The part of the strata law that does account for most of the attention is the management side. The strata title will bring in a whole lot of management rules, and it is those that have courted the most controversy. The theory is that, if a building is subdivided into units and common areas, it cannot be left up in the air as to how it will be managed. There needs to be some kind of structure in place so owners can manage their building effectively.

“Strata is very much a consumer-based system that takes the management and puts it in the hands of owners to manage their buildings,” says Kelly. “That is consistent with how the great majority of multi-owned buildings are managed in other sophisticated jurisdictions.

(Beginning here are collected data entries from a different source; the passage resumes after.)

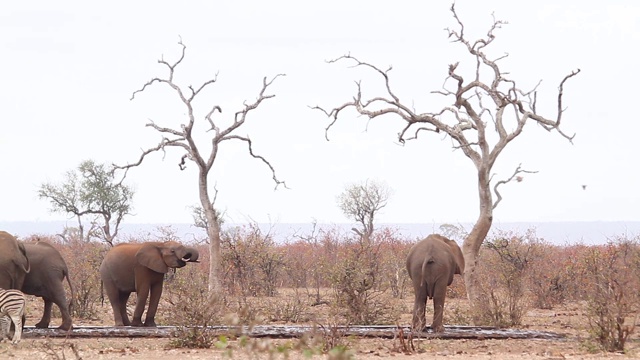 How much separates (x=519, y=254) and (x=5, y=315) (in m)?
19.2

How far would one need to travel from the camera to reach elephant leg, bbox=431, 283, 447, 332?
1920 cm

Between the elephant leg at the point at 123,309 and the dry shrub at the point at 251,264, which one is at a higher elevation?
the dry shrub at the point at 251,264

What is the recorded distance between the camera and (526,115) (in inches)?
983

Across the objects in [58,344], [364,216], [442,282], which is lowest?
[58,344]

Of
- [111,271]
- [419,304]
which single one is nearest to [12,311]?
[111,271]

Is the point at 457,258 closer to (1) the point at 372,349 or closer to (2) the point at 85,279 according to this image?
(1) the point at 372,349

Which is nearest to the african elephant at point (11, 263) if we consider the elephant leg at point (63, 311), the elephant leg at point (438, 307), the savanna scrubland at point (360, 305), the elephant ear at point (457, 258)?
the elephant leg at point (63, 311)

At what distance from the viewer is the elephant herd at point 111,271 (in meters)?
19.2

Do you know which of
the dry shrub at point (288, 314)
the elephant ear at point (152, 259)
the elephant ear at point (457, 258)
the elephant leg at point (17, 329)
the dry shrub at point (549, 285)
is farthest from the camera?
the dry shrub at point (549, 285)

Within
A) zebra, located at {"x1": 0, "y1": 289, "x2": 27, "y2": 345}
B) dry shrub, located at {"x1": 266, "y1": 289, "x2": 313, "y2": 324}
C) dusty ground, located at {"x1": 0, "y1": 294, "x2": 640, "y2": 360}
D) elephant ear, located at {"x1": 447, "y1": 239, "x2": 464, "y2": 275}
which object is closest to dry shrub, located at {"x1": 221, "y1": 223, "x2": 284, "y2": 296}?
dry shrub, located at {"x1": 266, "y1": 289, "x2": 313, "y2": 324}

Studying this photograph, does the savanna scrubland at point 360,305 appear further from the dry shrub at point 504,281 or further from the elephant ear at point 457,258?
the elephant ear at point 457,258

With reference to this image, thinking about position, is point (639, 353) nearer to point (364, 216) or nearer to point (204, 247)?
point (204, 247)

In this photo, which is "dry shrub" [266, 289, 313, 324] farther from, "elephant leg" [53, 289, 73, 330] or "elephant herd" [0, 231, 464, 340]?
"elephant leg" [53, 289, 73, 330]

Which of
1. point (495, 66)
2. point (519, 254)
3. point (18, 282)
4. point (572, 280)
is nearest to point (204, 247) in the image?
point (519, 254) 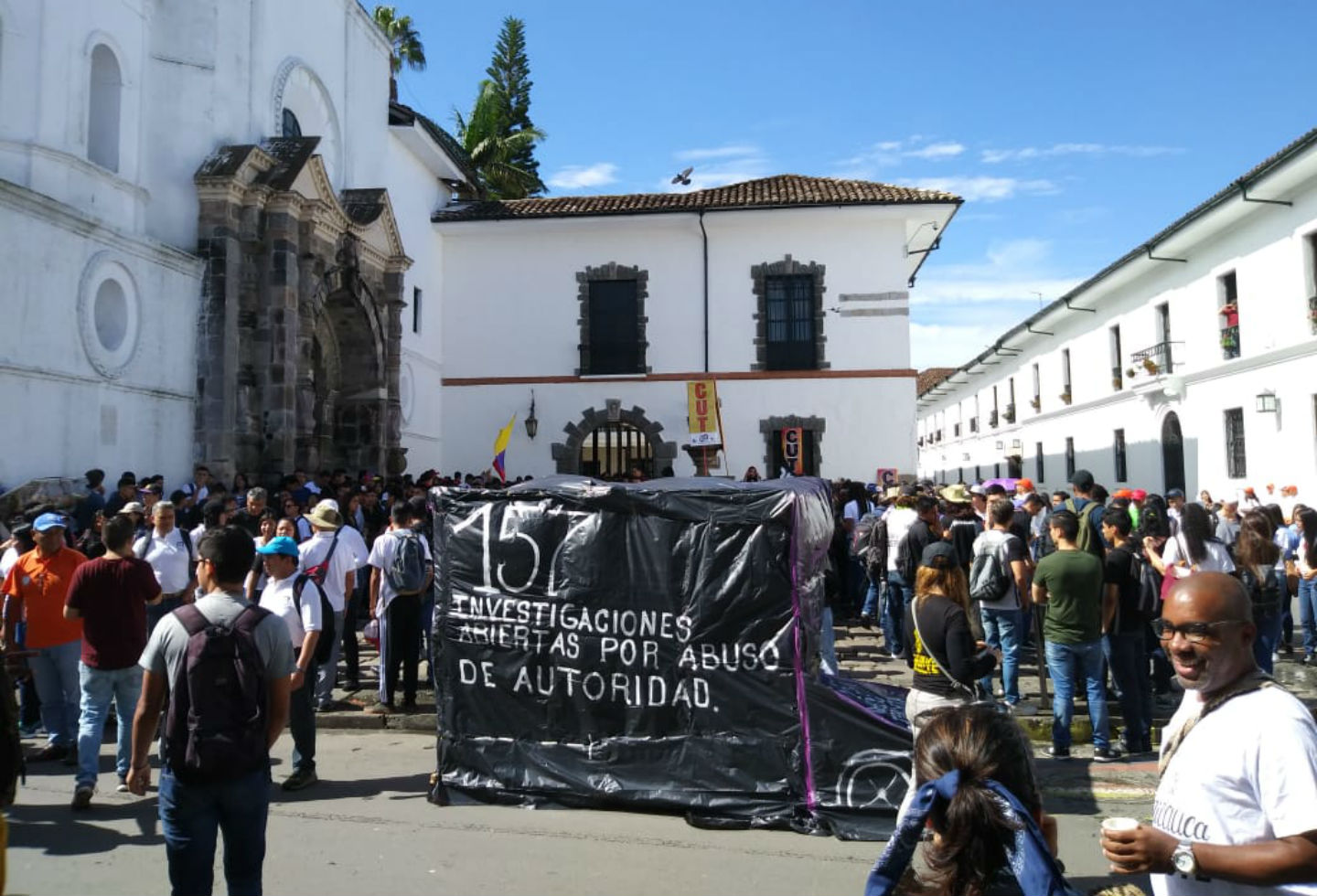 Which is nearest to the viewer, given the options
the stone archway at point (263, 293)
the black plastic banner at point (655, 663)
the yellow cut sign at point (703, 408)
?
the black plastic banner at point (655, 663)

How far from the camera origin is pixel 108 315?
12.0 metres

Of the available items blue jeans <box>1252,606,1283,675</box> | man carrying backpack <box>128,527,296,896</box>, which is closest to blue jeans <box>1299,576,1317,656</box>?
blue jeans <box>1252,606,1283,675</box>

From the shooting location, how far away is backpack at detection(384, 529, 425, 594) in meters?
7.62

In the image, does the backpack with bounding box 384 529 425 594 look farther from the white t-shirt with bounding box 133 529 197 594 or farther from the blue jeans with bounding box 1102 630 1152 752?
the blue jeans with bounding box 1102 630 1152 752

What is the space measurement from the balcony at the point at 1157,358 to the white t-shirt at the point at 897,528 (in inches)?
595

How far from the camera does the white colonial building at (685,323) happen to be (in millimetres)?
21594

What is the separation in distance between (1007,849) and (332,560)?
21.4 ft

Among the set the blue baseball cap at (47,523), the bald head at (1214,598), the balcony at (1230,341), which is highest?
the balcony at (1230,341)

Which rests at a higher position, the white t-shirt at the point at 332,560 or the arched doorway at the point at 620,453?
the arched doorway at the point at 620,453

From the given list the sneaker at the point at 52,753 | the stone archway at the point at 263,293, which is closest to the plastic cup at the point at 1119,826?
the sneaker at the point at 52,753

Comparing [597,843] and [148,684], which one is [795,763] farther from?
[148,684]

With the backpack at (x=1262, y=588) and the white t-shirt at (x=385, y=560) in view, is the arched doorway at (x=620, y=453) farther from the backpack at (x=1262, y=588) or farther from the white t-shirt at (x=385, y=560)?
the backpack at (x=1262, y=588)

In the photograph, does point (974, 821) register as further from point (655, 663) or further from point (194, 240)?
point (194, 240)

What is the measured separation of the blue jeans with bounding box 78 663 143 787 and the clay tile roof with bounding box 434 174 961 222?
17.6 meters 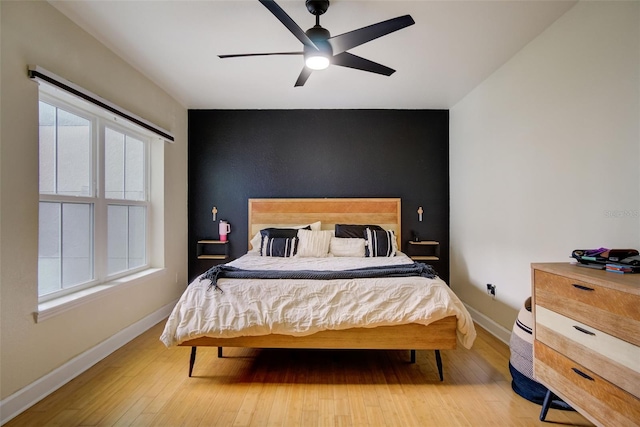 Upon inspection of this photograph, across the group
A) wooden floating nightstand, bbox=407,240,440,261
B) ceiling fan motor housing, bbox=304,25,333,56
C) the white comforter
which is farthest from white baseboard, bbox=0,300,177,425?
wooden floating nightstand, bbox=407,240,440,261

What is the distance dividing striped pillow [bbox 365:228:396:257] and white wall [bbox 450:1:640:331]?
0.94 meters

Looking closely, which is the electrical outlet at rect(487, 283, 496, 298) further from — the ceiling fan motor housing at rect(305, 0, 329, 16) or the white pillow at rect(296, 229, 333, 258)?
the ceiling fan motor housing at rect(305, 0, 329, 16)

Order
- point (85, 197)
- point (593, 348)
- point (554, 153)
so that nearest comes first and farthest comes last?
point (593, 348) < point (554, 153) < point (85, 197)

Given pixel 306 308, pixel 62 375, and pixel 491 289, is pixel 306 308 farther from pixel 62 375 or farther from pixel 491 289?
pixel 491 289

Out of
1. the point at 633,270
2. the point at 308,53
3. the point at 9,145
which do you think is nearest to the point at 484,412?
the point at 633,270

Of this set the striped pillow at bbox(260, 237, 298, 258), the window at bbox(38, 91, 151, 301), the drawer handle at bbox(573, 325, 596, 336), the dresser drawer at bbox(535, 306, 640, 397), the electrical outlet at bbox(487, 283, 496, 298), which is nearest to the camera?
the dresser drawer at bbox(535, 306, 640, 397)

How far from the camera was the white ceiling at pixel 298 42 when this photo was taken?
7.06 ft

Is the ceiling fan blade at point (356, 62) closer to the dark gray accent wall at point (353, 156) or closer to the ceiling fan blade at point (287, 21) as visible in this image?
the ceiling fan blade at point (287, 21)

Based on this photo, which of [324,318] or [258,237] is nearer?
[324,318]

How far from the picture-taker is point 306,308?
221 centimetres

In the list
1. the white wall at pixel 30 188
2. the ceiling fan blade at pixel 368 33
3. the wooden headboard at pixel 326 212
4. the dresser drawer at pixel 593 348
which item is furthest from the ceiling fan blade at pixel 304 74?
the dresser drawer at pixel 593 348

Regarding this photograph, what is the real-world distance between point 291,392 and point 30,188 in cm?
213

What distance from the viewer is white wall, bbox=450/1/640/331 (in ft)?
5.96

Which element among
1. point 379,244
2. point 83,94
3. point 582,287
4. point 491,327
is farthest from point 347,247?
point 83,94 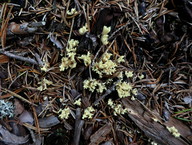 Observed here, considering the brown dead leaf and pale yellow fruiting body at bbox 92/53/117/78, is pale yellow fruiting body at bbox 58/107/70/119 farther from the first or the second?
pale yellow fruiting body at bbox 92/53/117/78

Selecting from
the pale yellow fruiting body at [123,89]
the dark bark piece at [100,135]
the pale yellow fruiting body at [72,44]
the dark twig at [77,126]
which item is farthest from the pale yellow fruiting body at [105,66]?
the dark bark piece at [100,135]

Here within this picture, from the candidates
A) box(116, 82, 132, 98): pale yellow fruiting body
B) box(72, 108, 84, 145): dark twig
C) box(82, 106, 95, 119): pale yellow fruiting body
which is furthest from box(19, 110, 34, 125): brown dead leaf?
box(116, 82, 132, 98): pale yellow fruiting body

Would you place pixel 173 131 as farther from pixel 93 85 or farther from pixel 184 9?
pixel 184 9

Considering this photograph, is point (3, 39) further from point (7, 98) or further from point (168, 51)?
point (168, 51)

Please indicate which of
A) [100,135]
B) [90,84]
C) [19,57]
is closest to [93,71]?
[90,84]

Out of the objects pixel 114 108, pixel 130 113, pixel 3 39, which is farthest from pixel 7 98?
pixel 130 113

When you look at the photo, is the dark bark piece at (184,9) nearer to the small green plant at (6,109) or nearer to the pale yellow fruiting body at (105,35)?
the pale yellow fruiting body at (105,35) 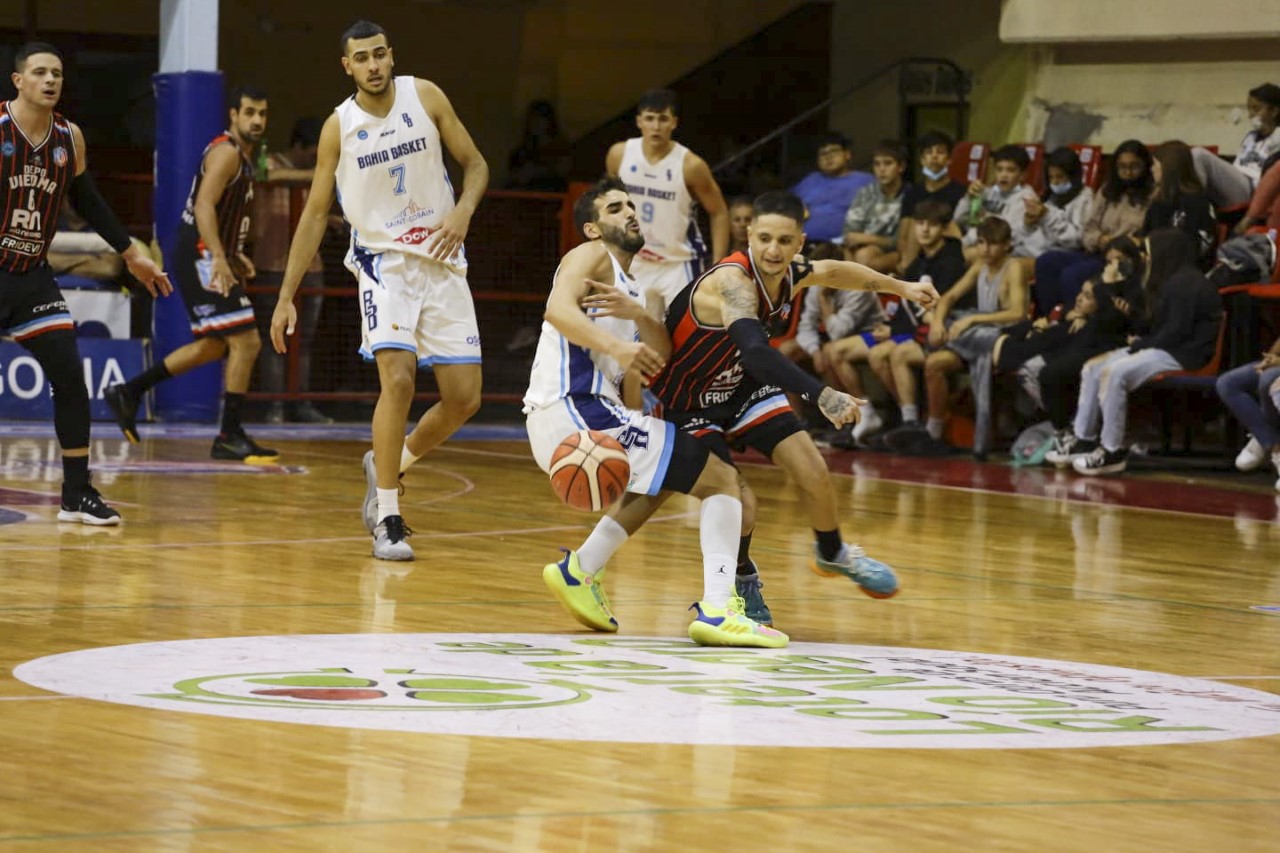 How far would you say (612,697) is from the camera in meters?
4.73

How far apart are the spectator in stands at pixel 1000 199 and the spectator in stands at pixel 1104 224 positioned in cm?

“In this region, we have had an unusual situation where developers have wanted to be involved in the management of buildings. In some instances they have had no choice because there was no mechanism to take the management of the building and hand it over to the owners.”

As owners’ associations are formed, it is expected there will be significant changes in the way buildings are managed. While some developers will be glad to see the back of their management responsibilities, there are plenty that earn a premium from their maintenance activity.

“The million-dollar question,” says Kelly, “is will a developer be allowed to manage a building? There is a possibility that there will be restrictions placed on the management of buildings. An owners’ association is probably only going to be able to appoint an association manager for three to five years. They will probably only be able to appoint an FM manager for three to five years as well. There could be forced retendering on day one.”

How does this affect FMs? The simple thing is that an FM provider has generally been signed on to provide services to a developer so the contract is between the developer and themselves, not with the owners.

“Any FM provider who thinks that its customers are not the owners is not the FM provider any owner will ever want,” says Kelly. “Will the law come in and say any arrangements put in place by the developer are available to be reopened by the owners? If so, FM providers doing a poor job are at serious risk.

“Whether or not you are worried depends on who you are. If you are a big provider doing all the management for a developer or master developer, then you could lose it all if the owners are dissatisfied with the service levels or charges. If you are a smaller FM provider, who has a good business doing a bunch of boutique buildings, then it will open up the market from that sense.”

Other questions up in the air at the moment include whether or not master community common property will be included. It is not expected that master community common property will be taken away from master developers, but there may be some restrictions on how they raise service charges for those areas. Also, will there be any restrictions on master developers, or their affiliates, being providers?

“The smaller FM providers do not see a lack of tenure as detrimental to them because they think they should be there based on performance,” says Kelly. “It is the ones who are unsure of their performance levels that are worried.

“When you talk to FM people about lack of tenure, a lot of them do not seem that concerned about it. Given the negative comments certain owners groups have expressed regarding management of buildings, if certain developer and master developer affiliates are not concerned, perhaps they should be.”

Surveys essential for true valuation
Jones Lang LaSalle has recently suggested that credible valuations are part of making the market transparent and, in turn, attracting foreign and institutional investment.

“The lack of regular, accurate and professional real-estate valuations results in enhanced financial risk exposure to a diverse spectrum of stakeholders,” said the company in its March 2010 MENA House View. “These include banks and other lending institutions, investors and general business entities that own the real estate from which they operate their business.

“As real-estate markets across the region continue to mature and become increasingly open and transparent, it is essential for the real-estate industry to develop and consistently apply common standards implemented by professionally-trained valuers able to demonstrate independence, integrity and objectivity.”